▶ **EXERCISE DIRECTIONS**:
For every line below, output the text exactly and leave out images.

▶ **AVAILABLE DATA**:

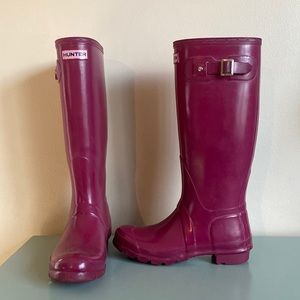 Tall Hunter rain boots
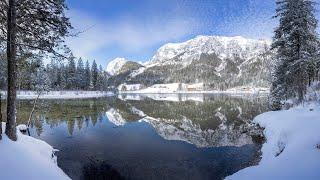 Am tiefwinterlichen Hintersee und im Zauberwald (Ramsauer Ache) in der Ramsau - Berchtesgadener Land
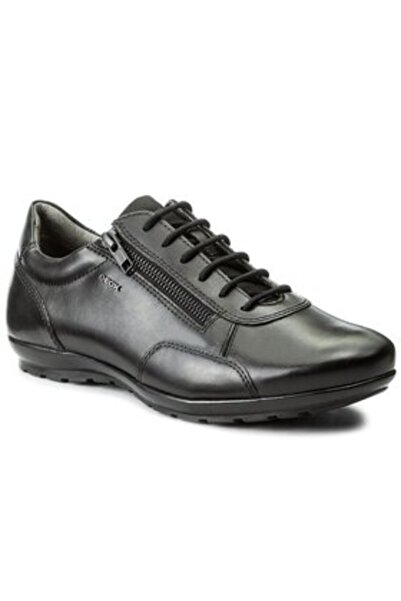 Geox ανδρικά παπούτσια UOMO SYMBOL U74A5A 00043 μαύρα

▶ **RESULT FOR THIS EXERCISE**:
 Tall Hunter rain boots
 Am tiefwinterlichen Hintersee und im Zauberwald (Ramsauer Ache) in der Ramsau - Berchtesgadener Land
 Geox ανδρικά παπούτσια UOMO SYMBOL U74A5A 00043 μαύρα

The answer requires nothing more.